There have been some interesting discussions surrounding Doc’s comments about bandwagon fans. The truth is that it would be almost impossible to have swings in fan support or belief with more amplitude than the ebb and flow of the performance of this year's Celtics. Perhaps the question should be--How could the fan’s belief system not mirror the up and down nature of their team? As most of us fans demonstrate the mental instability natural for an emotionally-attached appendage to a franchise yo-yo, the stress has degraded our psyche (or would that be psychi) until our pets hide, our wives and girlfriends tread on eggshells, and the TV has become accustomed to high-decibel verbal abuse.
But enough of us, today's topic is the many and deleterious effects of such uncertainty on our beloved team. These same fluctuations that drive fan(atics) to distraction, also cast an insidious malevolent spell across all levels of the functioning of the team. On an individual level one of the keys to effective play is to understand what you can and can not do. Playing within your limits presupposes that you know what those limits are and that you can perform all the aspects that are "within." Anyone that has had a leg injury knows how difficult it is to shoot a jump shot as you recover and don't know how much lift and stability the leg will give you from shot to shot. Many of us are old enough to have encountered the corner, which when rounded, finds that the body summoned responds with a resounding "Not tonight, dear." Much of basketball, especially shooting, is mental and when your dependable's become questionable's there is no comfort zone--rather than in a groove you find yourself in the cage equivalent of moguls. Think of how many lay-ins by Pierce and Garnett (or Tony or Sheed for that matter) have been snubbed by the front rim. When your lift fails to fully materialize (whether from injury or just the decline of age), you are left a bit short--on the jump, on the shot, on the rebound, on the block, on the steal, on the finish. If basketball is a game of confidence, what must be said of the state of a player who is wildly inconsistent? At some point it becomes a chicken-and-egg thing devolving into a downward spiral.
This loss-of-competence/confidence ripple of micro to macro for individual players finds a questionable jump leading to a questionable shot leading to hesitant and ineffective play. A similar effect results in the reduced functionality of any on-court five as their interaction suffers from individual failures just as a motor is robbed of power with misfiring cylinders. Actually it is much worse as the doubt that creeps in (some would say this is just good reality testing) creates uncertainty--whether your teammate will be in time on the defensive rotation, will catch up with your pass thrown to lead, will hit the open shot that should be a slight improvement over your mildly contested opportunity, or that they will be able to get back in time to seal the other lane on the break. Just as trust allows the whole to exceed the sum of the parts, doubt ensures that the whole falls short of that sum.
The same might be said for the combined effort of the first and second units.

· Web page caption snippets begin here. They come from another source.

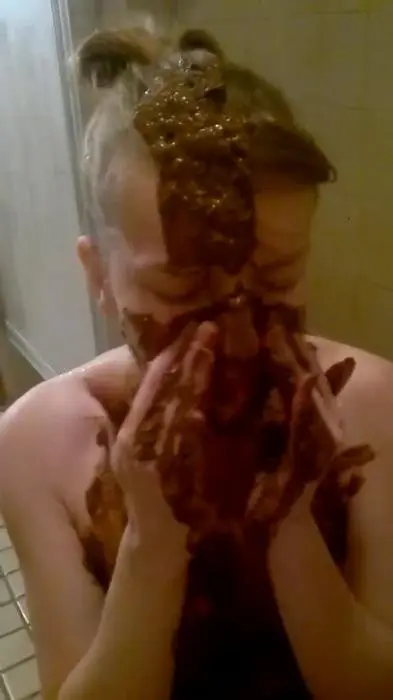 Julia Dream (Shit On Head Or Total Scat Mess - HD 720p) [mp4 / 126 MB] - Scat Download
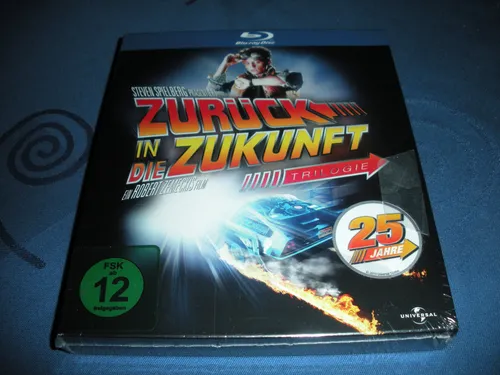 Blu-ray Zurück in die Zukunft - 25th Anniversary Trilogie * Digipak * NEU - DVDs & Blu-rays, besondere 25th Anniversary Edition im hochwertigen Digipak für nostalgische Filmfans.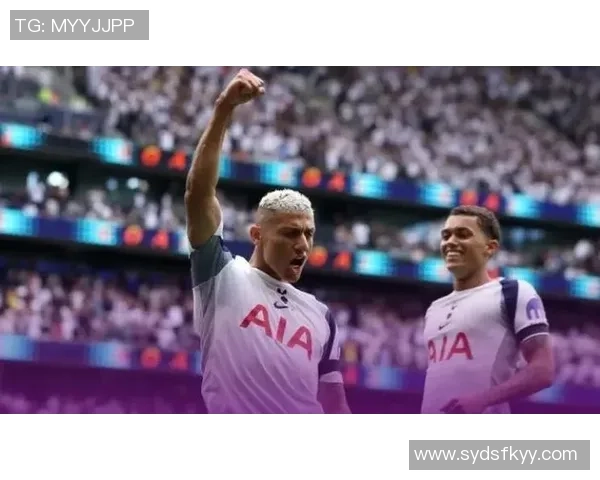 英超积分榜混乱不堪枪手领先曼城黑猫19分四队紧追其后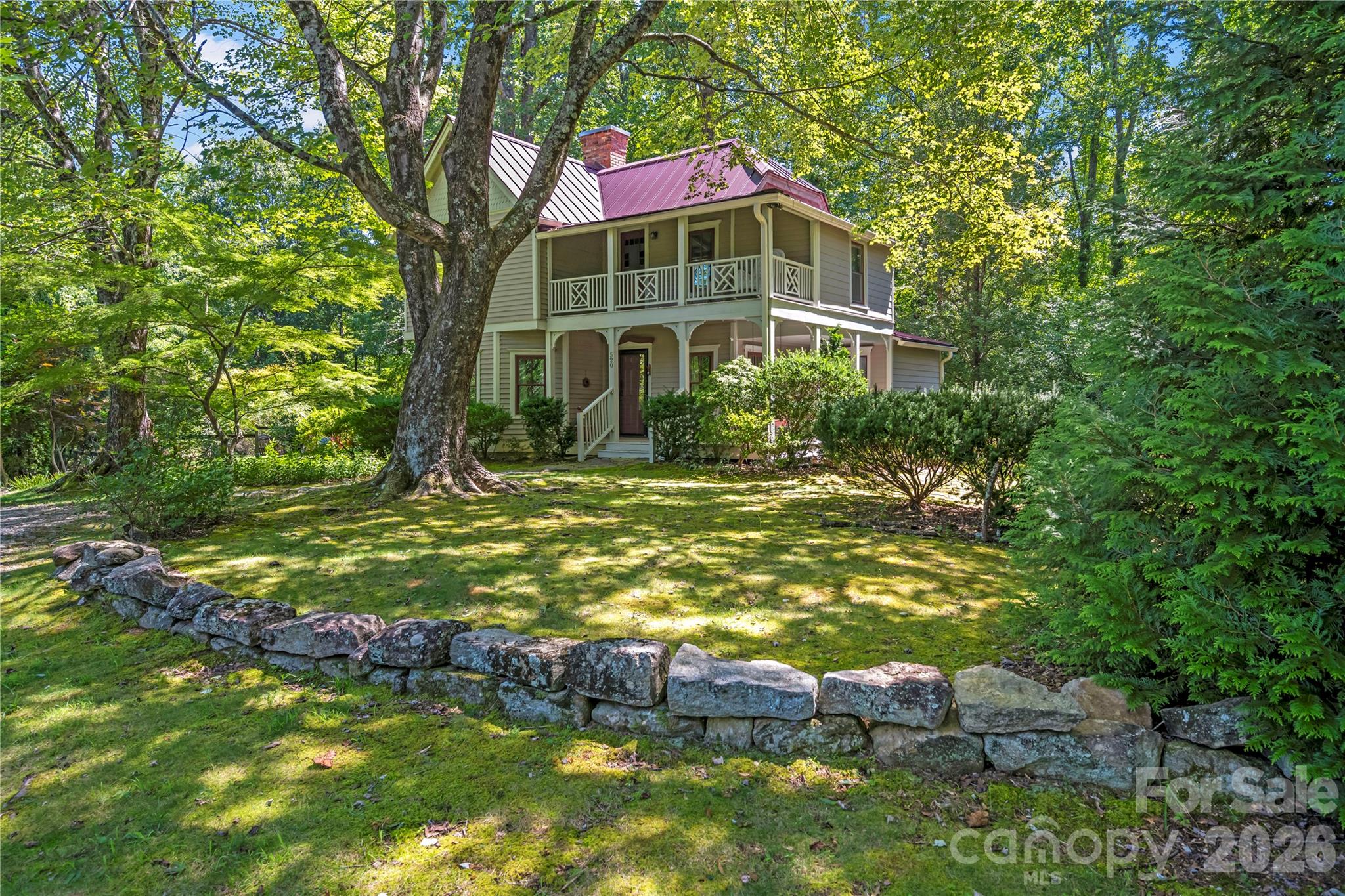 520 Esseola Street — Saluda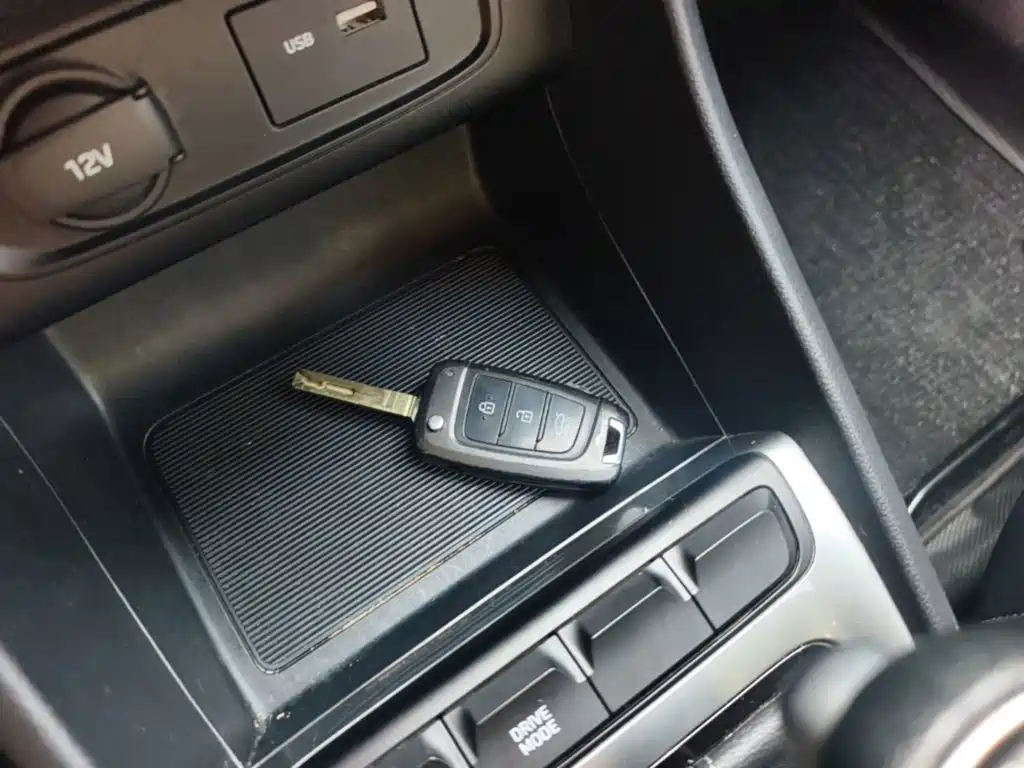 Hyundai Elantra — миниатюра 9
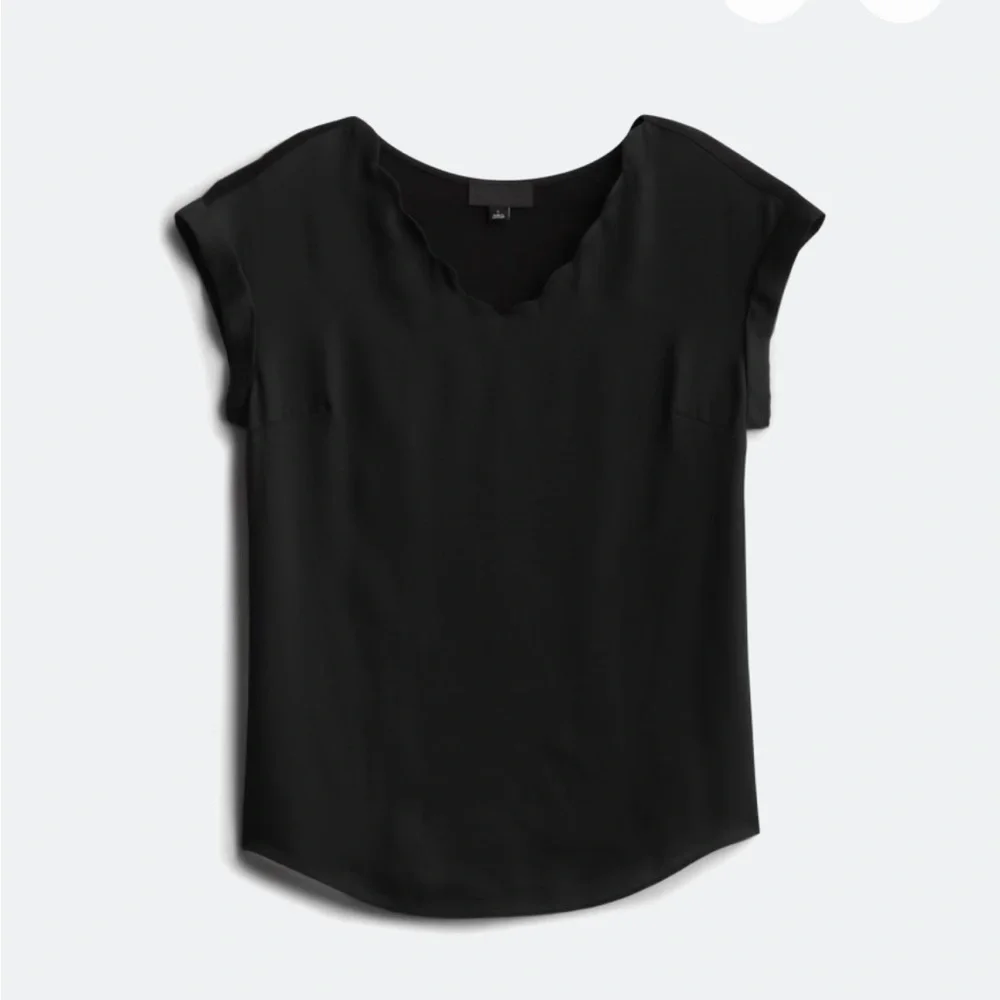 Fortune + Ivy Maren Mixed Material Scallop Detail Blouse - Picture 3 of 3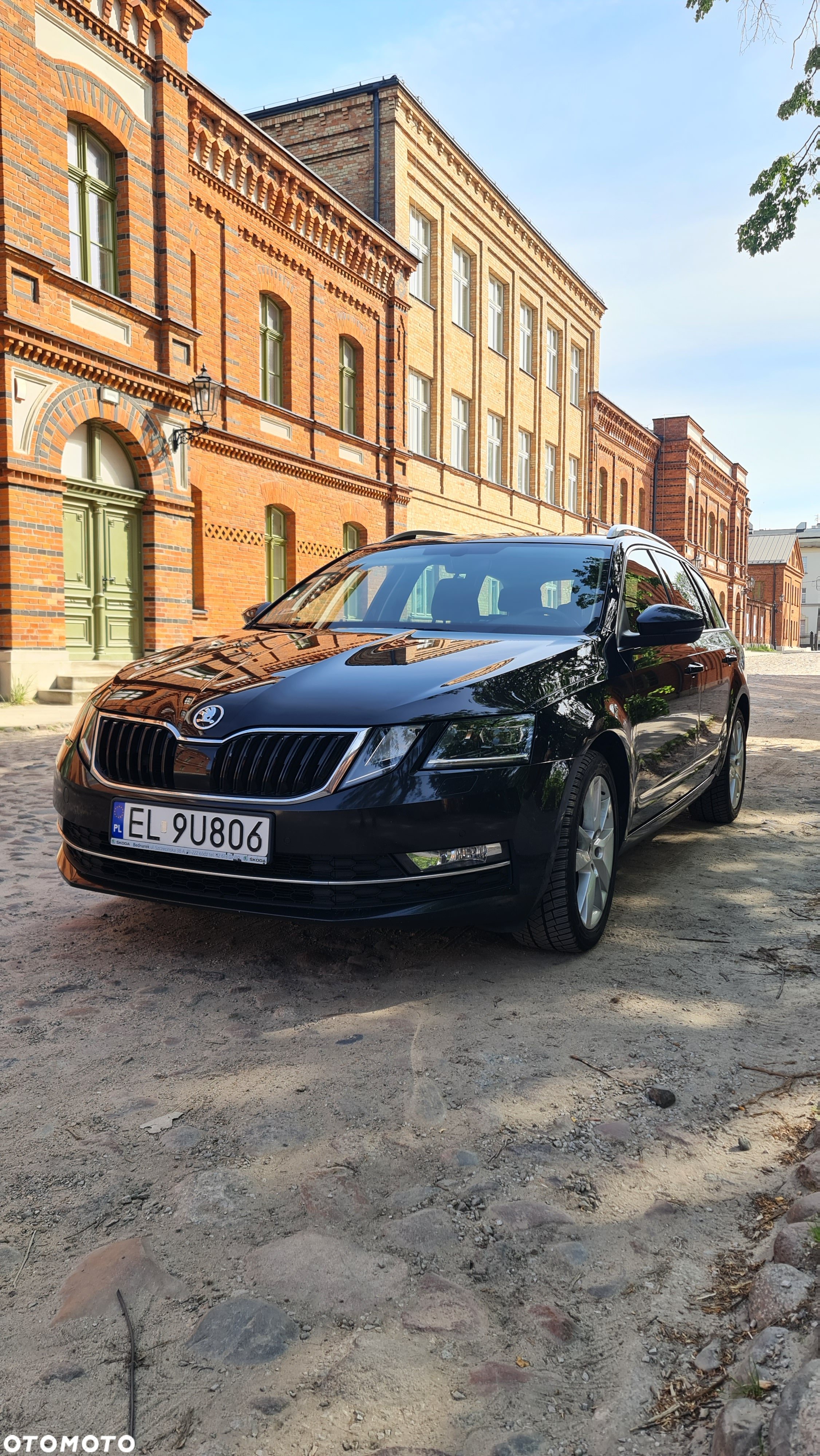 Skoda Octavia 2.0 TDI Style DSG - 2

If you have doubts about your counterpart maintaining their end of the responsibilities, there is additional pressure on you to over-perform to compensate for their possible failures. And the ripple of inconsistency and doubt goes on and on until it brings down the whole house of cards--which remained standing only because each part was used in a way to draw from its strengths and minimize its weaknesses. Success breeds success, fear fosters fear, and the Celtics have run out of time to build the momentum that comes from playing well which leads to winning and trusting and believing, which leads to playing even better and winning even more. In this light Doc's grousing about the lack of faith of the bandwagon fans starts to sound like the frightened little boy whistling in the dark trying to conquer his own fears and doubt.
[Discuss on CG Forums!]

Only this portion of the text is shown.